Reproduce exactly the line that contains "Hostal Spring" and every line after it through the end of the records below, leaving out all pictures.

PROVIDED DATA below:

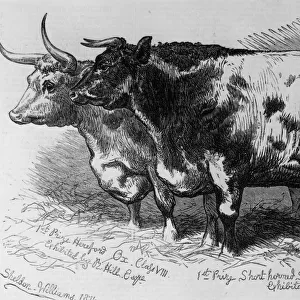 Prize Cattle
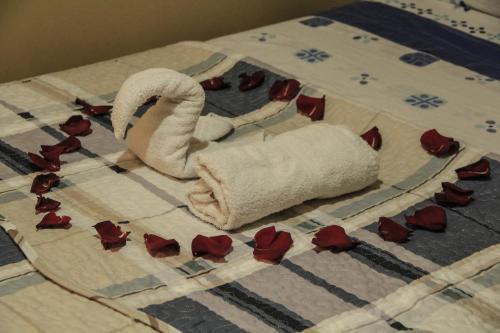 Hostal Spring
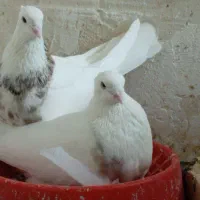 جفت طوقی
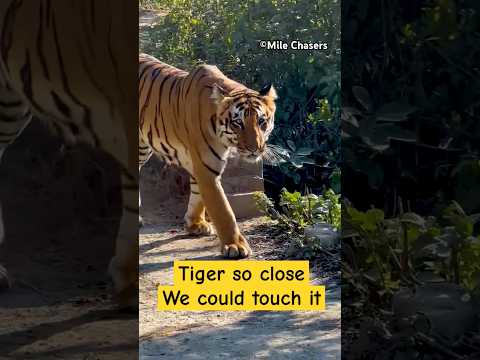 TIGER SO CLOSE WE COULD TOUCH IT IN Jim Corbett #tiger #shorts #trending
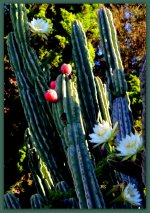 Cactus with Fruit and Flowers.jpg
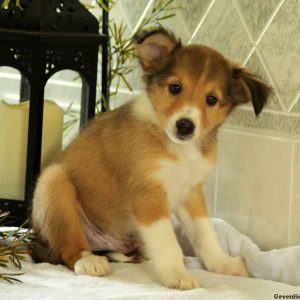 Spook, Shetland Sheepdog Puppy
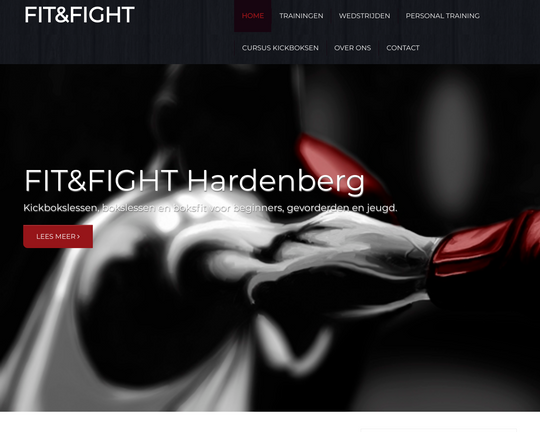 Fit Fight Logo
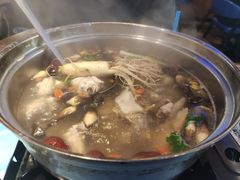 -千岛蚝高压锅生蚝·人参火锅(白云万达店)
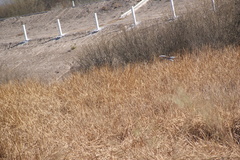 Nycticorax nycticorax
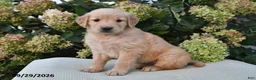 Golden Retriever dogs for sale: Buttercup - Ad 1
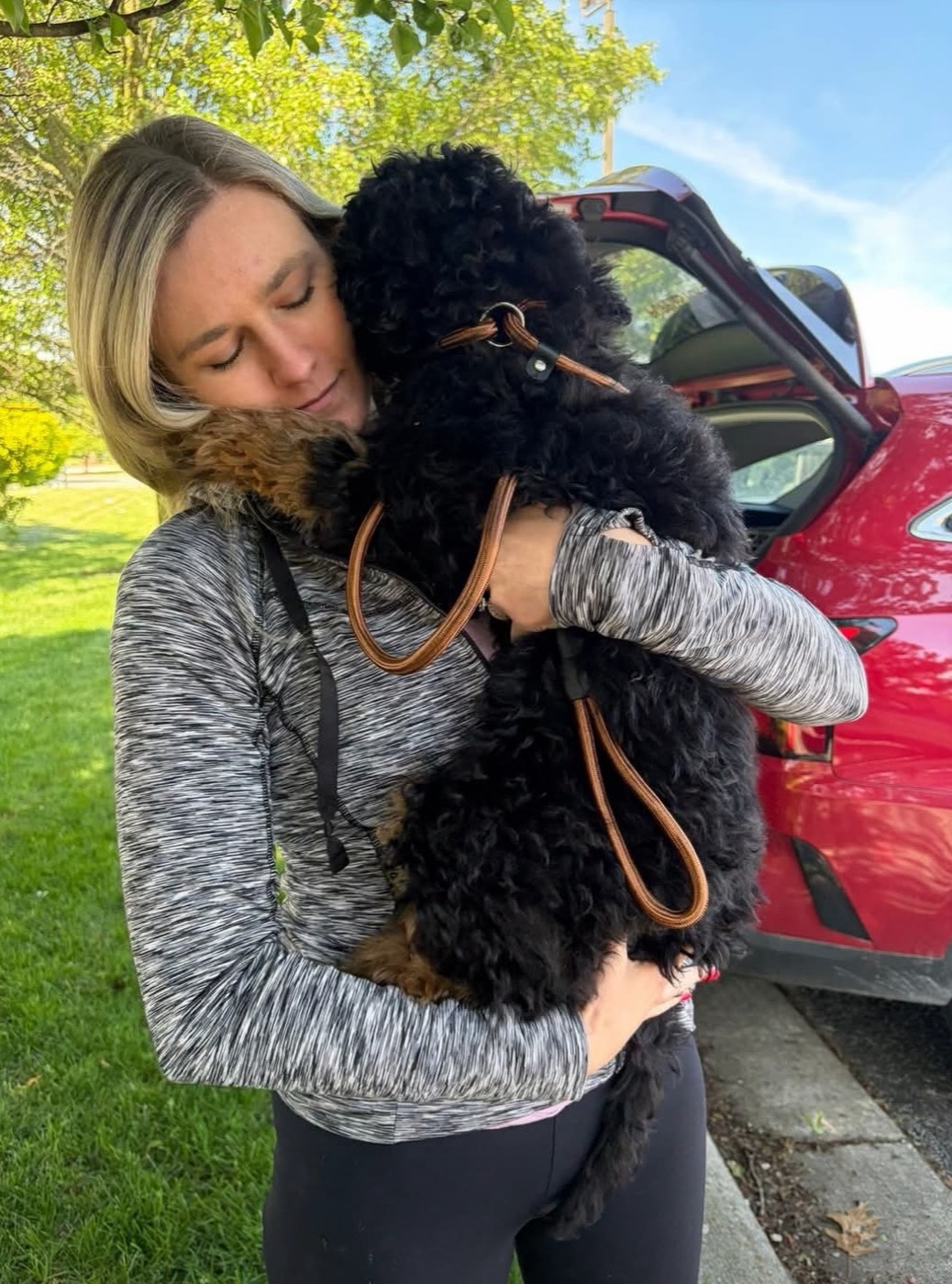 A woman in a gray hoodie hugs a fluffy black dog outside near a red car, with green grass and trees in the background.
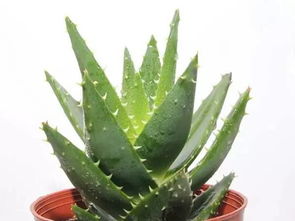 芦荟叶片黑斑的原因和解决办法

End of PROVIDED DATA.

» **TASK SOLUTION**:
 Hostal Spring
 جفت طوقی
 TIGER SO CLOSE WE COULD TOUCH IT IN Jim Corbett #tiger #shorts #trending
 Cactus with Fruit and Flowers.jpg
 Spook, Shetland Sheepdog Puppy
 Fit Fight Logo
 -千岛蚝高压锅生蚝·人参火锅(白云万达店)
 Nycticorax nycticorax
 Golden Retriever dogs for sale: Buttercup - Ad 1
 A woman in a gray hoodie hugs a fluffy black dog outside near a red car, with green grass and trees in the background.
 芦荟叶片黑斑的原因和解决办法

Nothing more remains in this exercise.